(Supplied material)

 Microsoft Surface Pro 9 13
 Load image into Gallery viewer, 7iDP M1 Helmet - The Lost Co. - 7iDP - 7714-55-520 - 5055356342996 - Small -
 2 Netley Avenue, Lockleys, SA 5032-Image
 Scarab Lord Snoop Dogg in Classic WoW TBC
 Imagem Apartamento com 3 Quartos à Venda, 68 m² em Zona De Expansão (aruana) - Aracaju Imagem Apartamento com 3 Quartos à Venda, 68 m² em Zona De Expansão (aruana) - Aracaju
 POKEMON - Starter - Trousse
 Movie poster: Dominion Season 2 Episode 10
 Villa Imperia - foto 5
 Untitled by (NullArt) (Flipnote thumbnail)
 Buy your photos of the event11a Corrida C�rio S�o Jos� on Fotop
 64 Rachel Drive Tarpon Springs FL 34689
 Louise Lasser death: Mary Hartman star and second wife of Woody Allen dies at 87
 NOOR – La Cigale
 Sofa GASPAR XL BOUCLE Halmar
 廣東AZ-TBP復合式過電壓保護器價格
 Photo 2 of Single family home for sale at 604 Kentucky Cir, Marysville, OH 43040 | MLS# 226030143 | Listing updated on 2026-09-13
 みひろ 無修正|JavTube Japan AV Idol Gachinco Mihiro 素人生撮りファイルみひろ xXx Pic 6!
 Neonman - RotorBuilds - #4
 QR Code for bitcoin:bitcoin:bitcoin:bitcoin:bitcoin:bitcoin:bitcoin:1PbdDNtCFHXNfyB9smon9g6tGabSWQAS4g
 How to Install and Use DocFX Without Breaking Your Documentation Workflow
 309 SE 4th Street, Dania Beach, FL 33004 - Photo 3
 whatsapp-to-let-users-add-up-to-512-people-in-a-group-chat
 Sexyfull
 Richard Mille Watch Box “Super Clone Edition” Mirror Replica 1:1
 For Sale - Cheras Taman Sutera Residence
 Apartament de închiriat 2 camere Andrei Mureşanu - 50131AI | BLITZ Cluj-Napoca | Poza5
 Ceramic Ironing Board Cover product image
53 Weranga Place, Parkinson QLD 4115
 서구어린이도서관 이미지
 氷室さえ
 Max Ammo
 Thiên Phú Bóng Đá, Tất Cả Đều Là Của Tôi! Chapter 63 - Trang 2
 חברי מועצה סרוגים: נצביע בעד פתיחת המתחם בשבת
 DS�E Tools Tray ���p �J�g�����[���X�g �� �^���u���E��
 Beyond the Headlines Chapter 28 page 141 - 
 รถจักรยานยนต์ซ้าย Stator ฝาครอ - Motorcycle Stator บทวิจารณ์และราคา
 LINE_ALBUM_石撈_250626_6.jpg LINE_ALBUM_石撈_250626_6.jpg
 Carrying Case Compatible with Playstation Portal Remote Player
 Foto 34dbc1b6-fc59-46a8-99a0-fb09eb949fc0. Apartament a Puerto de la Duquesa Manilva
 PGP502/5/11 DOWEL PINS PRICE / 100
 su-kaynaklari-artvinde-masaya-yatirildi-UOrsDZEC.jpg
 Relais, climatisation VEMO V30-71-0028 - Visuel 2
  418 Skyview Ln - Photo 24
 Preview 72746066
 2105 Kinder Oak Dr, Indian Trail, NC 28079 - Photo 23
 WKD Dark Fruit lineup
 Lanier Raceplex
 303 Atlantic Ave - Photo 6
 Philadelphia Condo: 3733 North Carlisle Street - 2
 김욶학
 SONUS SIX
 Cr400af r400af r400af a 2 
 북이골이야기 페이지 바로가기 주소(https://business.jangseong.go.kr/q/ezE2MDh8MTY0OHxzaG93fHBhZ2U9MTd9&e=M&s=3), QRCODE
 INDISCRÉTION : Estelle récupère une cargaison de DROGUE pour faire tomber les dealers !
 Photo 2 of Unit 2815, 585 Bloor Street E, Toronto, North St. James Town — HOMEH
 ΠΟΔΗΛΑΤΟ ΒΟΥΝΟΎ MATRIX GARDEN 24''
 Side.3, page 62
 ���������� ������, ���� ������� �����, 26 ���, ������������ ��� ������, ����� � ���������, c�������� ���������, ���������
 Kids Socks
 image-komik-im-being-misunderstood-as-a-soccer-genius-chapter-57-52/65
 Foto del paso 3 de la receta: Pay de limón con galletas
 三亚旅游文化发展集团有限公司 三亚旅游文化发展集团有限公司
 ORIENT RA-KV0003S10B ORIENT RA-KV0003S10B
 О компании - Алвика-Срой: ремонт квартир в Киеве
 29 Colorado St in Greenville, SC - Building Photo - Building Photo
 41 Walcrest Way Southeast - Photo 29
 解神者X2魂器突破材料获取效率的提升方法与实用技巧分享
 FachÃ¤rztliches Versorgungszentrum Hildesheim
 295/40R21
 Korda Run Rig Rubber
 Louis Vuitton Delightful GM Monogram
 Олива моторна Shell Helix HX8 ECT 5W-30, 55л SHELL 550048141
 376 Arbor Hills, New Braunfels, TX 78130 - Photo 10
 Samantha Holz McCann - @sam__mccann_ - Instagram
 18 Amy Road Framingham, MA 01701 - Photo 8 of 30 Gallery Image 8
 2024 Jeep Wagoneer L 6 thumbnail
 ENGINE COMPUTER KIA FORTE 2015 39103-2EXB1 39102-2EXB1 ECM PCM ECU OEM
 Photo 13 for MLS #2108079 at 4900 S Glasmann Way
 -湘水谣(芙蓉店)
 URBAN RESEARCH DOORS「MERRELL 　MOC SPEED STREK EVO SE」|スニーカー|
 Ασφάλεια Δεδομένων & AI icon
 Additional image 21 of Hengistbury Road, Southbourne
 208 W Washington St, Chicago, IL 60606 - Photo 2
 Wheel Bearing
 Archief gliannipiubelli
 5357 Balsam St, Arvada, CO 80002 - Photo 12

(End Supplied material)

• What is needed
Report only how many lines in the entries above contain the string "Street".

• Solution
3